Done. We're supplying them each with a modest amount of spending money (and most of them have been saving their allowances for weeks in anticipation), having lunch at the Food Court (must. contain. my. excitement.), and then coming back to our house for pizza, movies, and a sleepover.
Think of me tomorrow, if you will, driving down the Maine State Freeway with five screechy, giggly thirteen-year-olds. To fortify myself, I plan to go with my tried-n-true combination of liquid personality (Starbucks latte x howevermanyIdamnwellneed) and earplugs (for the car ride). I'm also taking reinforcements in the form of my best friend, who makes an excellent latte partner and who can be loud as all hell, if necessary to quiet the party posse. Plus, she is the Designated Person I Can Roll My Eyes At.
I told Bear to think of us as her Secret Service detail. We won't be right alongside them, but we'll be with them. Twenty paces back or so. With the Starbucks cups. And possibly a giant pretzel.
This morning Bear and I went to the grocery store to pick up the snacks for the party, i.e. The Ceremonial Buying of The Crap. Bear tossed candy, chips, and all manner sugary, salty, and artifically-colored junk that I don't normally buy into the cart with an unholy glee.
At the cash register, I saw the cashier's eyes widen and saw her swallow the urge to comment as she scanned bottles of soda (caffeine-free, and yeah, I get the irony of buying $50 worth of high-fructose corn syrup and artificial colors but drawing the line at caffeine) and bags of candy and chips. I repressed a wicked desire to talk about the nation's childhood obesity epidemic and how Michelle Obama is kind of a hero of mine.
Finally, unable to hold it back, the cashier said, "Boy, that's a lot of candy."
"Sleepover," I said succinctly.
"I don't think there will be much sleeping," she said dubiously.
Hmm. She might have a point. However, the party posse will be "sleeping" in the downstairs family room, while I can retreat to the sanctuary of my shiny, new master bedroom. So, frankly, I don't much care if they sleep. I'm pretty cool as long as they stay off the internet and don't vomit on my furniture.
Bear wanted a giant chocolate chip cookie for her birthday cake, and she wanted to decorate it herself. Having done the elaborate nine colors of frosting, hand-decorated teddy bear/princess/flower cakes, I was all knock yourself out, kiddo.

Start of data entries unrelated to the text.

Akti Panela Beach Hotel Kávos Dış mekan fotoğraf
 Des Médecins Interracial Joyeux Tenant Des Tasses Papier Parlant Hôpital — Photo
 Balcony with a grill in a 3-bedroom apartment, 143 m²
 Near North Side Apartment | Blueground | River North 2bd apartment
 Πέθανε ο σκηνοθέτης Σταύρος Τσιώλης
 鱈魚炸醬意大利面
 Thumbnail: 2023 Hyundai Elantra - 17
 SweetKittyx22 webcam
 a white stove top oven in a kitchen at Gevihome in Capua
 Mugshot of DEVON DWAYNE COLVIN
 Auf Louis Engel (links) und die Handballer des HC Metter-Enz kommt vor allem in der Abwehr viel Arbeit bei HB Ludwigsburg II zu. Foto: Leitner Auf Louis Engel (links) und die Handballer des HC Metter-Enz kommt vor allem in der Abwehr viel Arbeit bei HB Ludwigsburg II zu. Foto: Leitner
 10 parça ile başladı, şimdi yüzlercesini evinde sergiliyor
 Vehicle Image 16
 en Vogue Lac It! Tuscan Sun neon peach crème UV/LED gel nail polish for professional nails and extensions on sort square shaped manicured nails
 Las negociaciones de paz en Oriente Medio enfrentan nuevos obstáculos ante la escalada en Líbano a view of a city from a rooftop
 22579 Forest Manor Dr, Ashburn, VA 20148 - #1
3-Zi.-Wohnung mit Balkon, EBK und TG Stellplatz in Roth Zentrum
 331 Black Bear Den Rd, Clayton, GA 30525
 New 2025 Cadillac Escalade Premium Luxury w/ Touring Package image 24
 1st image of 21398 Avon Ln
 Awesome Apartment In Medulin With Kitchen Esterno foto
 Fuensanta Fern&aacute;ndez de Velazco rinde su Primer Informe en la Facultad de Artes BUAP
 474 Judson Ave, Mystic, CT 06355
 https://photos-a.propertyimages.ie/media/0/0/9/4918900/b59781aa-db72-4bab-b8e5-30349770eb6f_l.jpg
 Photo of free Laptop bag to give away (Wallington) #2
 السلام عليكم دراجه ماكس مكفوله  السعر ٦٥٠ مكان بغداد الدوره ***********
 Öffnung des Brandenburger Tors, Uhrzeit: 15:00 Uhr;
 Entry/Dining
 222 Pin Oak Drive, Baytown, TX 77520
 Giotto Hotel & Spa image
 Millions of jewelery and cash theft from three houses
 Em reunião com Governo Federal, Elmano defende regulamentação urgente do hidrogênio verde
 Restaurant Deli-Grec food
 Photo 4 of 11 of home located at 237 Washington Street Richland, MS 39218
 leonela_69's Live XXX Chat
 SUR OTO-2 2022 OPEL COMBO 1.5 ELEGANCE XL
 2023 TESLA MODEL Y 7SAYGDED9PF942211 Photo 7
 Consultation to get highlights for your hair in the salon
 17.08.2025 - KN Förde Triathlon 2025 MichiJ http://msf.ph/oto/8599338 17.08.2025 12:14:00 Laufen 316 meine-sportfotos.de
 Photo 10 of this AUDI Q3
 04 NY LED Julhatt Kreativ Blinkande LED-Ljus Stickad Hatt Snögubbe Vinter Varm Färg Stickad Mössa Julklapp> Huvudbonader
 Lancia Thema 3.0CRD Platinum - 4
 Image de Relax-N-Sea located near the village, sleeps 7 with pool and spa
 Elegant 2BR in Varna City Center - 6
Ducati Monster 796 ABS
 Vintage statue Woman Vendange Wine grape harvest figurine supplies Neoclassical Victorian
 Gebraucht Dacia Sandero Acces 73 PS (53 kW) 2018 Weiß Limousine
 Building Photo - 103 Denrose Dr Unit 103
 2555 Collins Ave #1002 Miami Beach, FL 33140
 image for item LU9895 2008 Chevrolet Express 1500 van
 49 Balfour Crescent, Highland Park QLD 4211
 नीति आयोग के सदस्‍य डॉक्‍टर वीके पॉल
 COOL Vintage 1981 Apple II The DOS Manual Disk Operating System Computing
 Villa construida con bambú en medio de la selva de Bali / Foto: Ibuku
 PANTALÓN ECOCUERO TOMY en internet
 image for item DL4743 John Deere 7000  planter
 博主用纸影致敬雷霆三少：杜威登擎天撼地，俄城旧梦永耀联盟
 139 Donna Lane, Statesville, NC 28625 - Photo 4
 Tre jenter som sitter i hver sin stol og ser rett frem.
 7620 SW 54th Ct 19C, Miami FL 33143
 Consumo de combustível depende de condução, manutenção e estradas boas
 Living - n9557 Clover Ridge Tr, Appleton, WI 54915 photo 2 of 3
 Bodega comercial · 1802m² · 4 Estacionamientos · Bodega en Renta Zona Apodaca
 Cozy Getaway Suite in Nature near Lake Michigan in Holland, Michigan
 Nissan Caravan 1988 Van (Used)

I baked the cookie and sat down with a cup of coffee while she used Junior Mints, Smarties, and candy melts to polka-dot the cookie. It's adorable.
The party plates and napkins are opened and ready, the crepe paper is strewn, the gifts are wrapped, and my van is clean and filled with gas. If you need me, I'll be sneaking in a nap. I have a feeling I'm going to need one before facing tomorrow.